# GOAL OF THE EXERCISE
Without the pictures, repeat all of the data exactly as it appears below.

# RECORDED INFORMATION

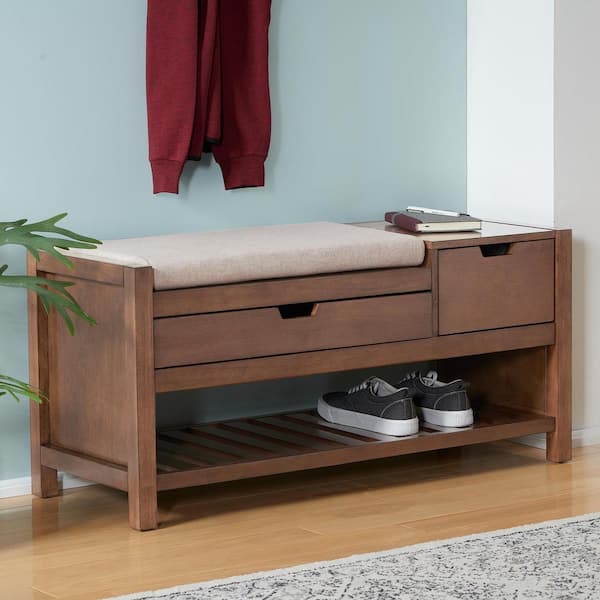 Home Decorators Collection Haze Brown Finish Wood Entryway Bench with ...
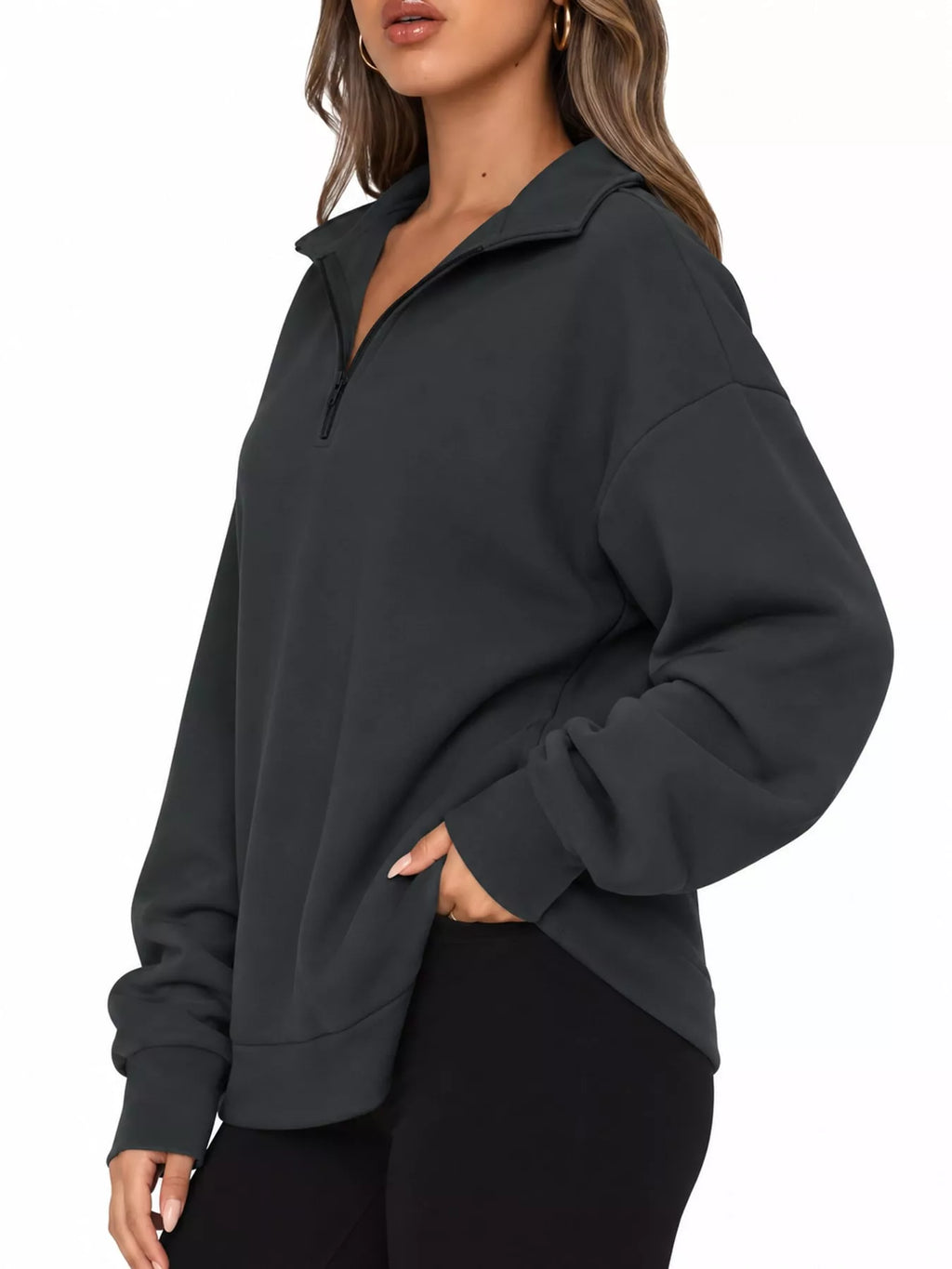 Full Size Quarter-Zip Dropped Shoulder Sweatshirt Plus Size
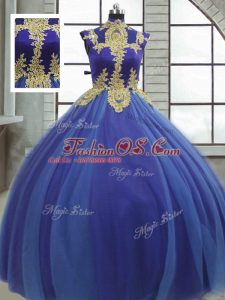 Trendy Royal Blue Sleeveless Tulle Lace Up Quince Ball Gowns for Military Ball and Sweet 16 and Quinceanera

# ANSWER AREA
 Home Decorators Collection Haze Brown Finish Wood Entryway Bench with ...
 Full Size Quarter-Zip Dropped Shoulder Sweatshirt Plus Size
 Trendy Royal Blue Sleeveless Tulle Lace Up Quince Ball Gowns for Military Ball and Sweet 16 and Quinceanera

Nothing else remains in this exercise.